AIM OF THE TASK –
Retype the listing below line for line, but only from the line with "Focus • Relax" down to the line with "Writing Task-1 | MAP | 7+ Band Sample", inclusive. Pictures stay out.

++++ DATA FOR THE TASK

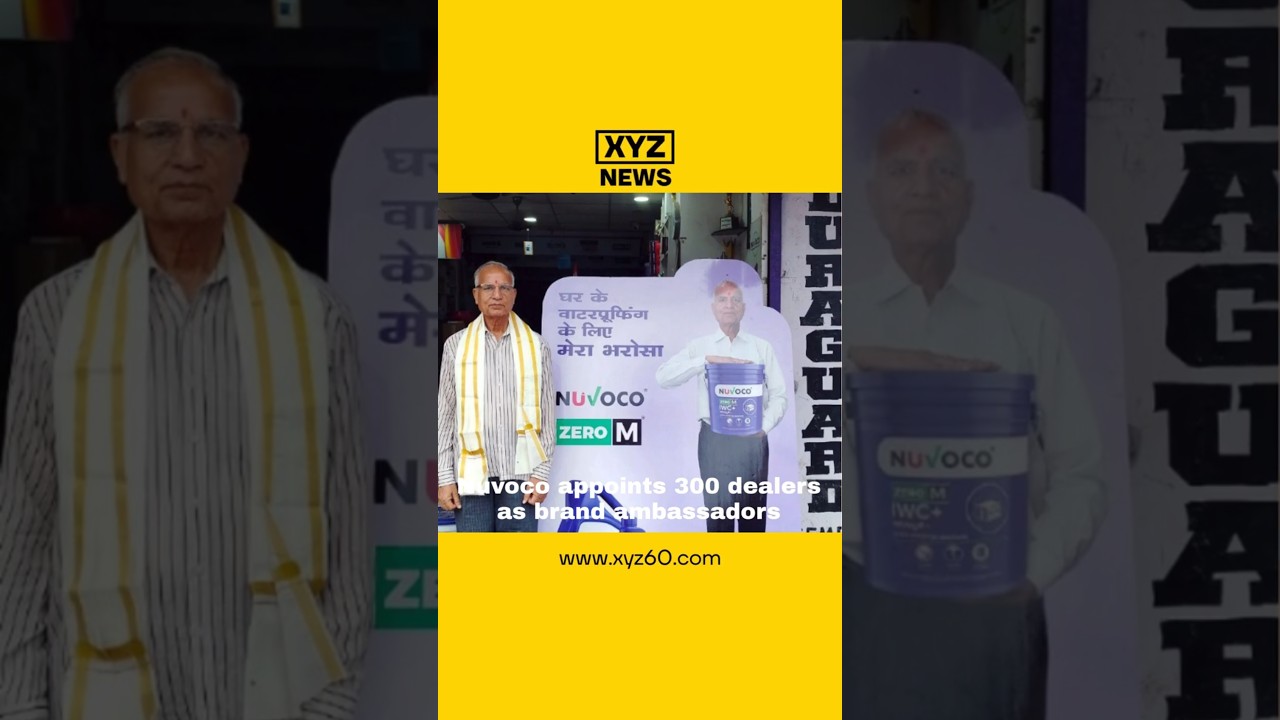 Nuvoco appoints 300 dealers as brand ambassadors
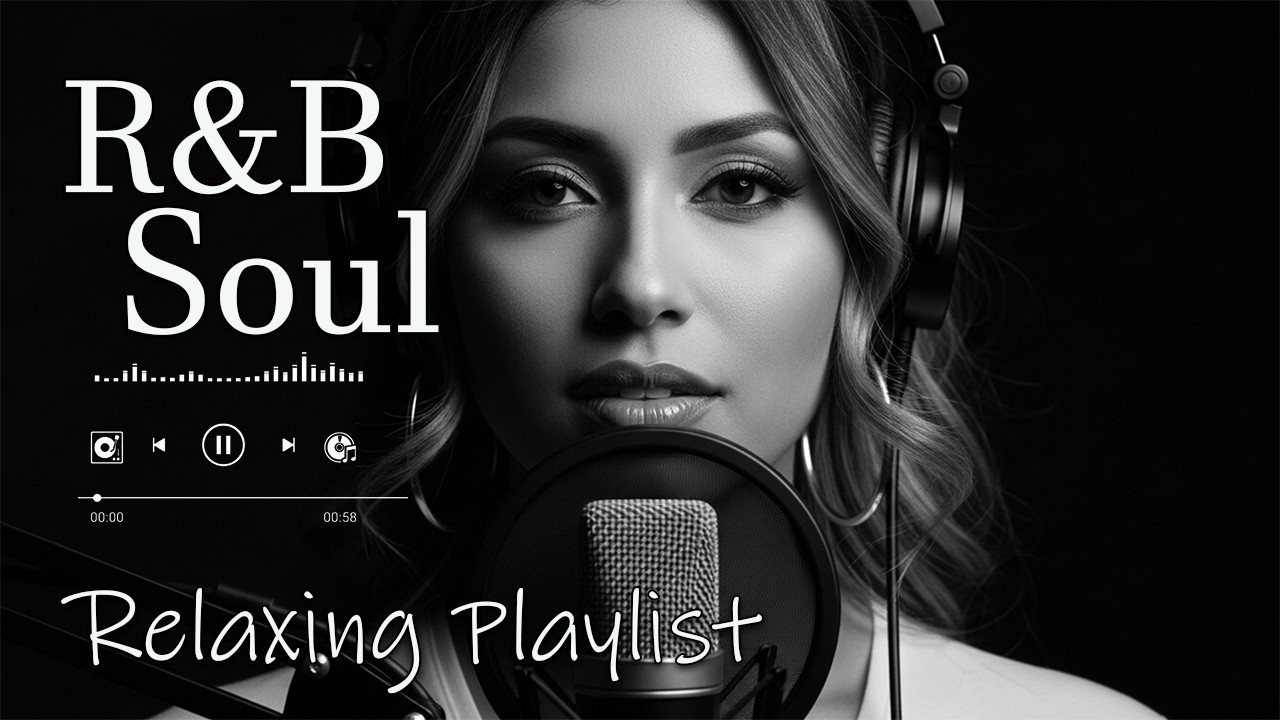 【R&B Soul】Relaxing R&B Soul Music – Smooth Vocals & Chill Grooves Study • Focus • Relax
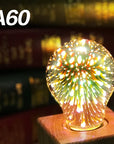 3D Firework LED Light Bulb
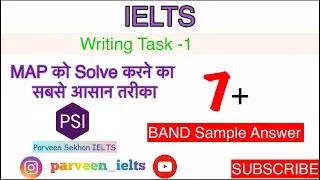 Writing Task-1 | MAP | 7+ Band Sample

++++++++
++++ DATA FOR THE TASK

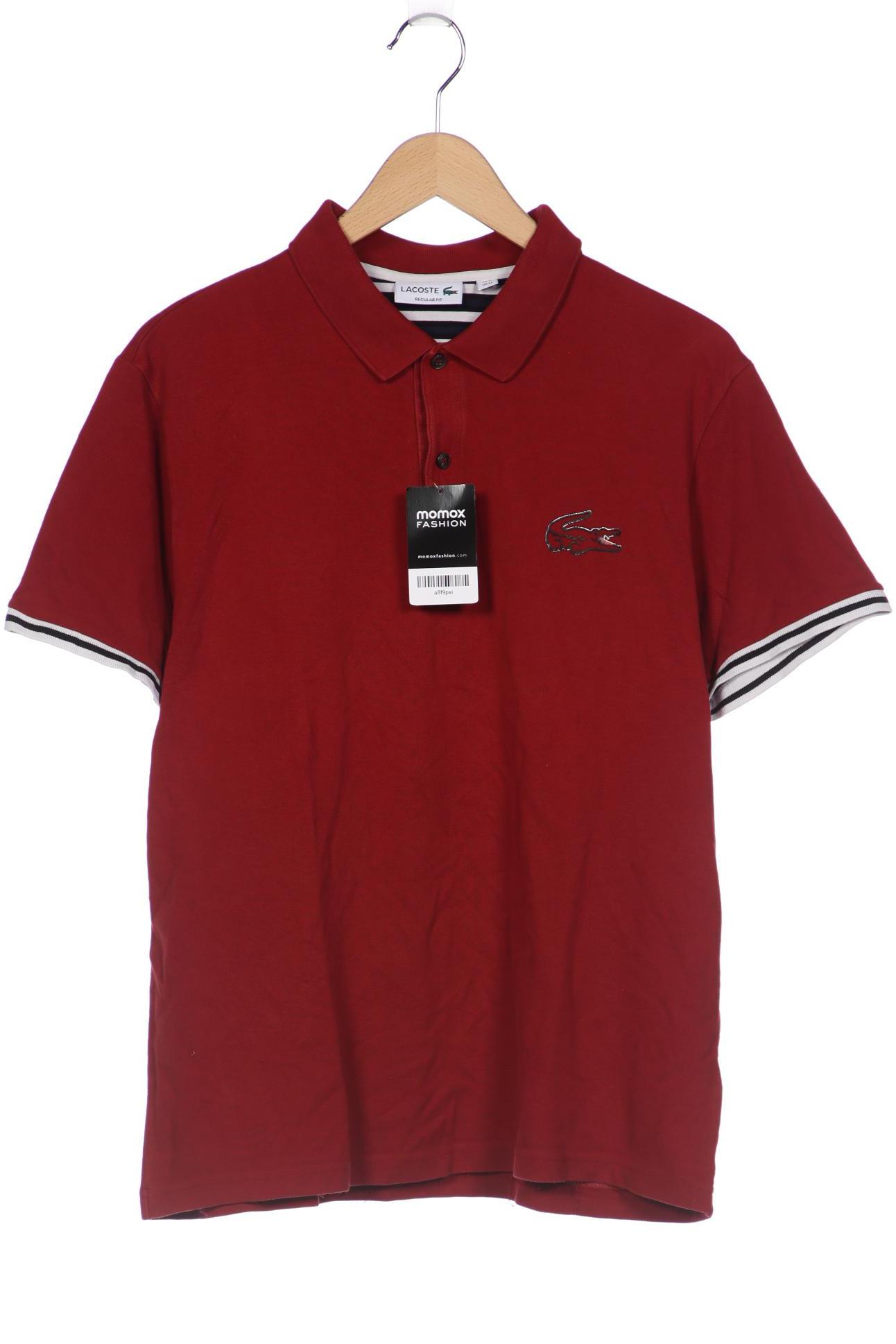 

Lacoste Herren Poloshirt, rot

++++++++
++++ DATA FOR THE TASK

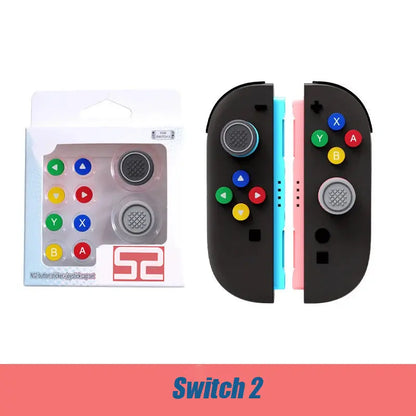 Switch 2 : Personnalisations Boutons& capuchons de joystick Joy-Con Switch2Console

++++++++

FINISHED TASK –
 【R&B Soul】Relaxing R&B Soul Music – Smooth Vocals & Chill Grooves Study • Focus • Relax
 3D Firework LED Light Bulb
 Writing Task-1 | MAP | 7+ Band Sample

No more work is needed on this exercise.